Different types of basic physical exercise, singing games, hide and seek, and other physically active play enhances body perception and builds the foundation for development of visual perception and visual-motor skills.

Visual perception

Visual perception refers to the way in which the brain interprets and processes visual information in the surrounding environment. Visual perception problems may include the following:

  • Difficulties in understanding direction, distance or location.
  • Difficulties to distinguishing differences in object/picture size, length, shape or background.
  • Naming colours and shapes is problematic.
  • The child may have difficulties finding an object he or she is looking for a room.
  • The child gets worried in new places as he or she cannot understand the layout.
  • Distinguishing and naming letters and numbers is difficult.
  • Reverse letters and numbers.

Eye and hand cooperation

Visual-motor skills refer to planning and achieving appropriate movement based on visual perception. Eye-hand coordination is the most important part of visual-motor skills.
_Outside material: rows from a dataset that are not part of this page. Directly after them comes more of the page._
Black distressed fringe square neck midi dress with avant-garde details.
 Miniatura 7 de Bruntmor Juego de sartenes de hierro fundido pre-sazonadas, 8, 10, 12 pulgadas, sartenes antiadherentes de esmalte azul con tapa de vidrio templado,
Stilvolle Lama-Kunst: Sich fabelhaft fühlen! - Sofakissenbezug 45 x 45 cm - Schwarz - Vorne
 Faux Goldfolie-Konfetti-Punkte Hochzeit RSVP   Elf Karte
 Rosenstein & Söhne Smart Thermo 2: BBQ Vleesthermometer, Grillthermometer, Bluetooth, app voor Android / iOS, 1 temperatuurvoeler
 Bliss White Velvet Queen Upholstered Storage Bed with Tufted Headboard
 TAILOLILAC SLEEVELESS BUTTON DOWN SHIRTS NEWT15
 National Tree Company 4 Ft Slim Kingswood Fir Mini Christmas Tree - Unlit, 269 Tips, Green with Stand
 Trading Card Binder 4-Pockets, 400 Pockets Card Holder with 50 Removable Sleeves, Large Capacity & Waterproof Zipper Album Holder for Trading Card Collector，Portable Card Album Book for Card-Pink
Problems in these skills may include for instance the following:

  • Catching a ball and playing a game with a racket, bat or stick may be difficult.
  • Pencil work is of no interest, drawing from a model is difficult.
  • Jig-saw puzzles are difficult.
  • Threading beads is difficult.
  • Building identical shapes from model with Legos or building blocks is not successful or of no interest.

Right-handedness and left-handedness

A child’s preference in using either left or right hand after his or her fourth birthday should be observed. The dominant hand is clear in fine motor skills, such as cutting, drawing and daily activities, e.g. eating. Establishment of handedness is important to allow for fine motor skills to become distinct and automatic. The dominant hand should be established at the latest by the time a child enters school. To determine the dominant hand, day-to-day routines should be observed to see which hand the child prefers when starting an activity.

Body management skills

Body perception starts already before birth when the baby experiences his or her mother’s movements. Close interaction with parents is important to a baby. Body perception involves the sense of sight, hearing and touch. Perception helps a child to picture his or her environment, structure of items and his or her body in relation to the environment. Body perception is the foundation of learning motor skills.

Difficulties in body perception may include the following:

  • Dressing, meals and playing together with other children is complicated.
  • Clumsy movement and poor balance.
  • The child cannot name body parts.
  • Difficult to learn various moves and games, e.g. finger play is problematic.
  • The child does not picture him- or herself in relation to the surrounding space (e.g. whether he or she is in
  • front of, behind a chair; under or on a bed).
  • Cutting with scissors is difficult.

If your child faces any of these difficulties, you should tell his or her caregiver, teacher or special teacher about it. You can practise doing things by playing together, doing jigsaw puzzles, drawing and playing with Lego blocks.